:: PROVIDED DATA ::
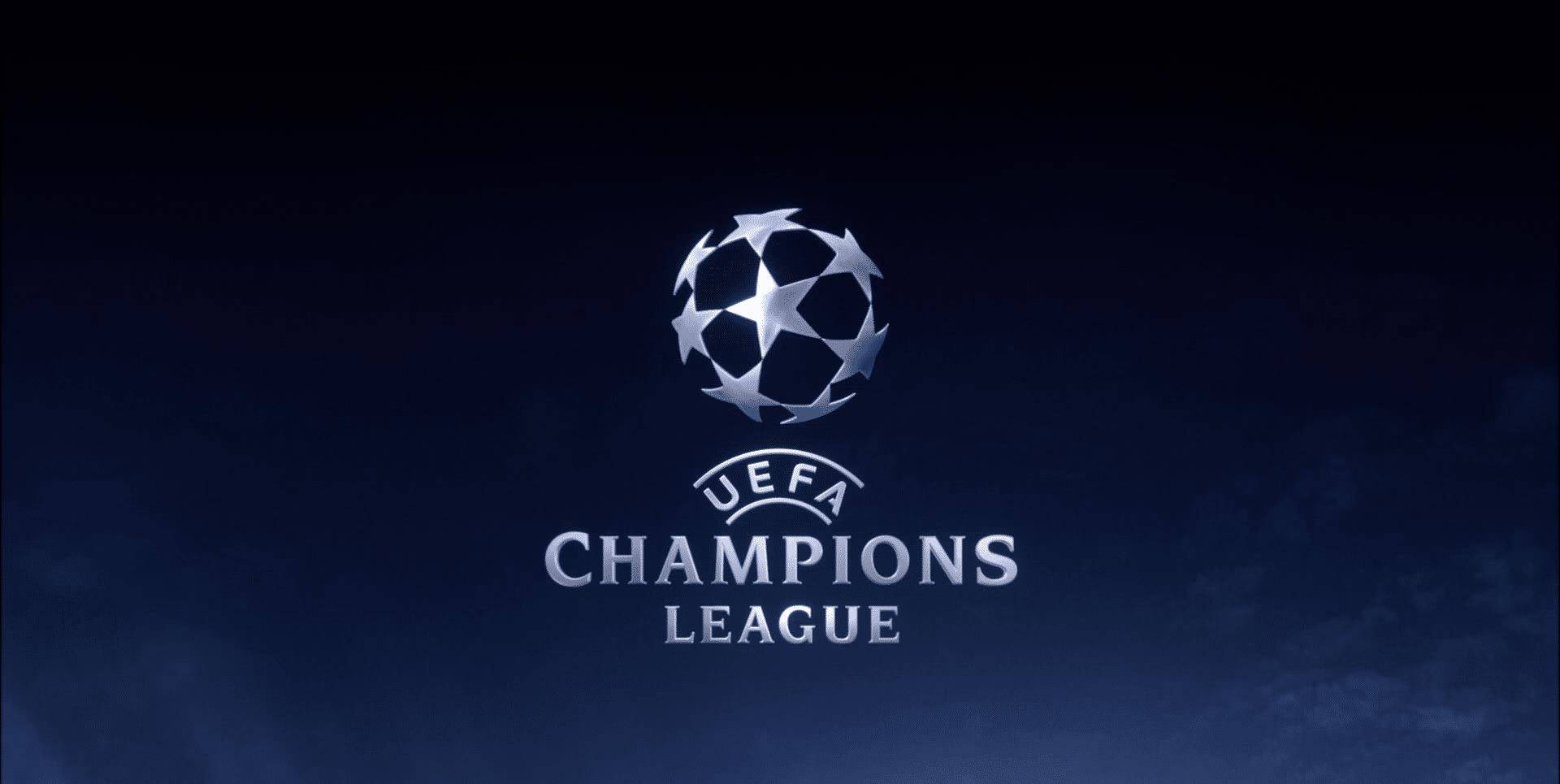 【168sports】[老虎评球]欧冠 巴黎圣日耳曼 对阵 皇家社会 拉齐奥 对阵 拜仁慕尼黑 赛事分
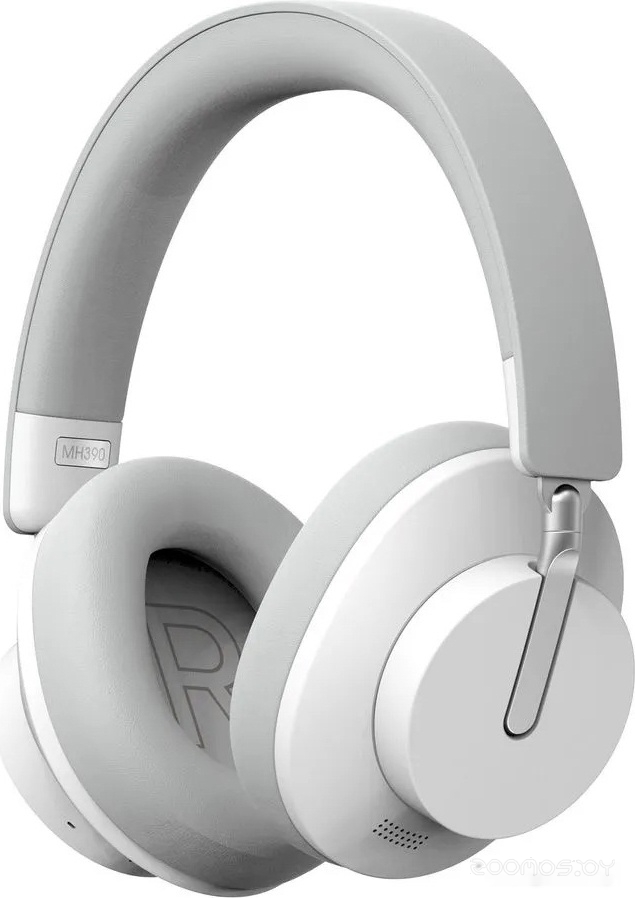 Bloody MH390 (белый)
:::
:: PROVIDED DATA ::
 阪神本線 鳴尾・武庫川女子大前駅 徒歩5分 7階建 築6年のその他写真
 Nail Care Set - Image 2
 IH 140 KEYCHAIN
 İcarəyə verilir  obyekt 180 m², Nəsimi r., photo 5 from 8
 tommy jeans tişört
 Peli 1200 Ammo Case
:::
** WHAT NEEDS TO BE DONE **
Copy out each line of the data above, exactly, if it lies between the line holding "Nail Care Set - Image 2" and the line holding "Peli 1200 Ammo Case", inclusive; copy no other line.

** SOLUTION TO THIS EXERCISE **
 Nail Care Set - Image 2
 IH 140 KEYCHAIN
 İcarəyə verilir  obyekt 180 m², Nəsimi r., photo 5 from 8
 tommy jeans tişört
 Peli 1200 Ammo Case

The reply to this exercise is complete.